Donovan v. ELCA of New Hampshire, Inc., 615 F. Supp. 106 (D.N.H. 1984)

US District Court for the District of New Hampshire - 615 F. Supp. 106 (D.N.H. 1984)
August 31, 1984

615 F. Supp. 106 (1984)

Raymond J. DONOVAN, Secretary of Labor United States Department of Labor
v.
ELCA OF NEW HAMPSHIRE, INC., d/b/a Colonial House of Pancakes; Elliot W. Taylor; Carole A. Taylor.

Civ. No. 83-735-D.

United States District Court, D. New Hampshire.

August 31, 1984.

*107 Claire B. White, U.S. Dept. of Labor, Washington, D.C. (Joseph M. Woodward and Linda Jan S. Pack, Washington, D.C., on brief), Albert H. Ross, Regional Sol., and David L. Baskin, Trial Atty., Boston, Mass., for plaintiff.

David R. Decker, Laconia, N.H., for defendants.

 
ORDER

DEVINE, Chief Judge.

This is an action brought pursuant to applicable provisions of the Fair Labor Standards Act ("FLSA"), 29 U.S.C. § 201, 219. Plaintiff seeks injunctive relief for alleged violations of certain sections of FLSA which concern child labor, 29 U.S.C. § 212, 215(a) (4), and also seeks recovery of a previously-assessed civil penalty in the amount of $4,000. 29 U.S.C. § 216(e).

At this stage of the proceedings, the issue posed for resolution by the Court is plaintiff's motion for summary judgment.
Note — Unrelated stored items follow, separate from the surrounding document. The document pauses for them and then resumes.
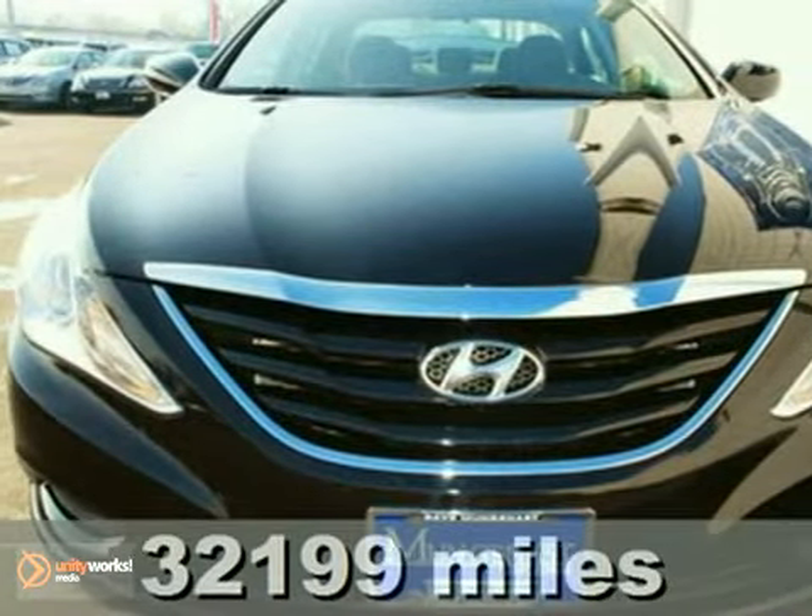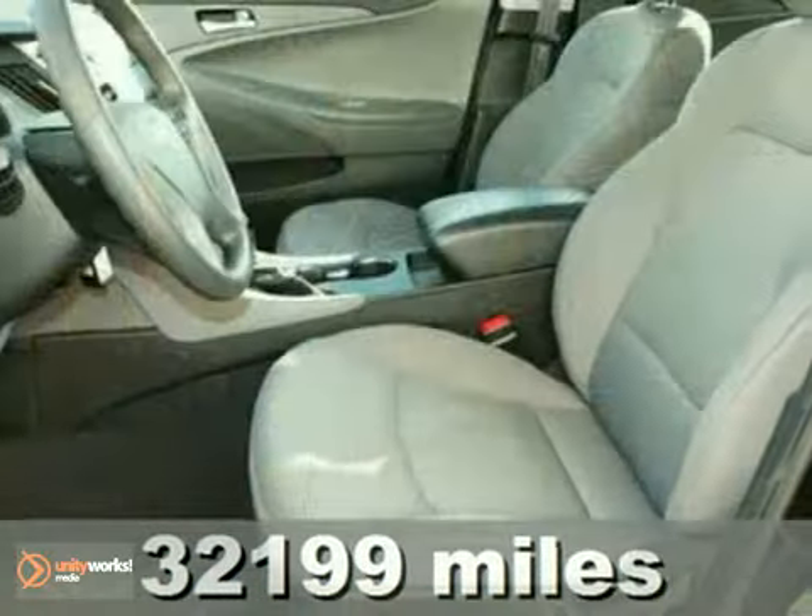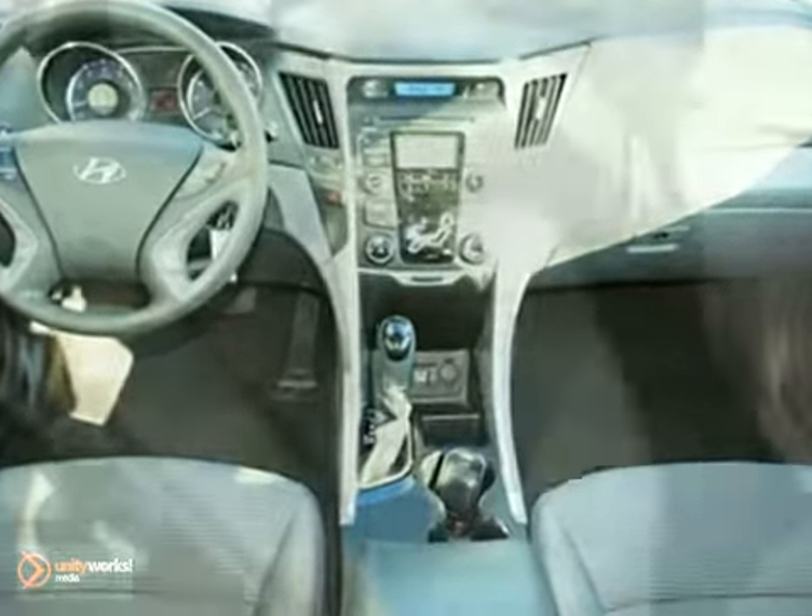Here's a 2011 Hyundai Sonata GLS. Wow, it has a fluidic design and gets great miles per gallon. This car has the Munganast difference. It features brake assist, keyless entry, and a tire pressure monitor.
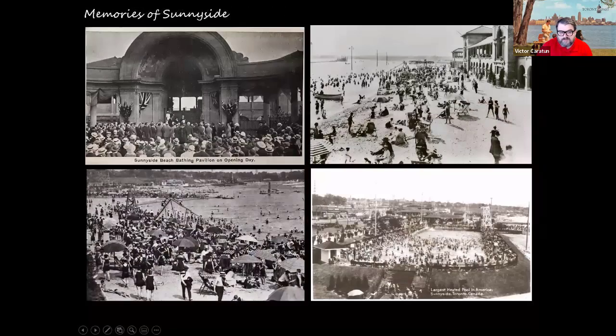Unfortunately Sunnyside was demolished in 1955 to facilitate the building of the Gardiner Expressway, which runs almost exactly where those hydro poles were visible. We have images of the pavilion on opening day, bathers utilizing the lake to cool off, and the pool — which at the time was the largest heated outdoor pool in North America and possibly one of the largest in the world. The Sunnyside pool holds 3.4 million liters of water and is still there today.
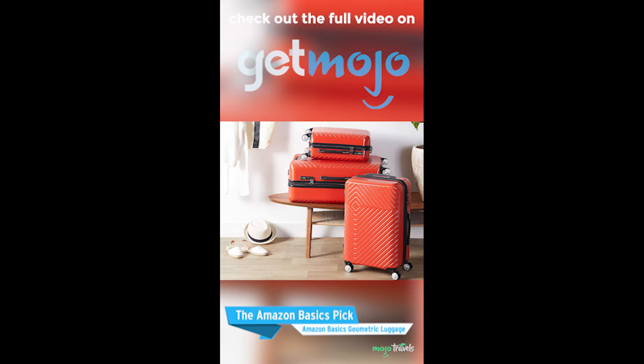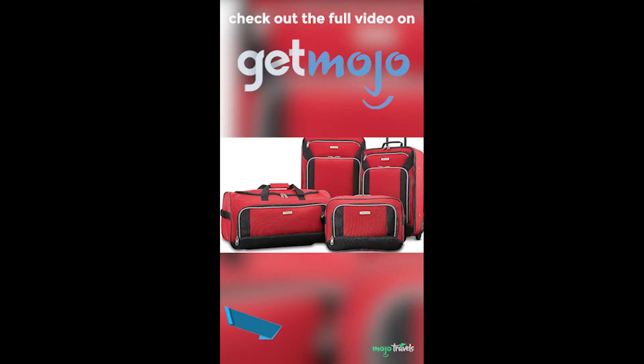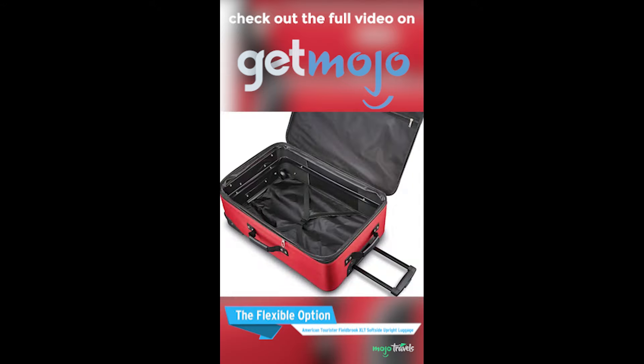The Amazon Basics Pick: Amazon Basics Geometric Luggage. The Flexible Option: American Tourister Fieldbrook XLT Softside Upright Luggage.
The granting of summary judgment is proper only if, viewing the record in the light most favorable to the nonmoving party, no genuine issue of material fact exists, and the moving party is entitled to judgment as a matter of law. Early v. Eastern Transfer, 699 F.2d 552, 554-55 (1st Cir.), cert. denied, ___ U.S. ___, 104 S. Ct. 93, 78 L. Ed. 2d 100 (1983); Condon v. Local 2944, United Steelworkers of America, 683 F.2d 590, 594 (1st Cir. 1982). A dispute of fact is material if it affects the outcome of the litigation and is genuine if manifested by substantial evidence going beyond the allegations of the complaint. Pignons S.A. de Mecanique de Precision v. Polaroid Corporation, 657 F.2d 482, 486 (1st Cir.1981).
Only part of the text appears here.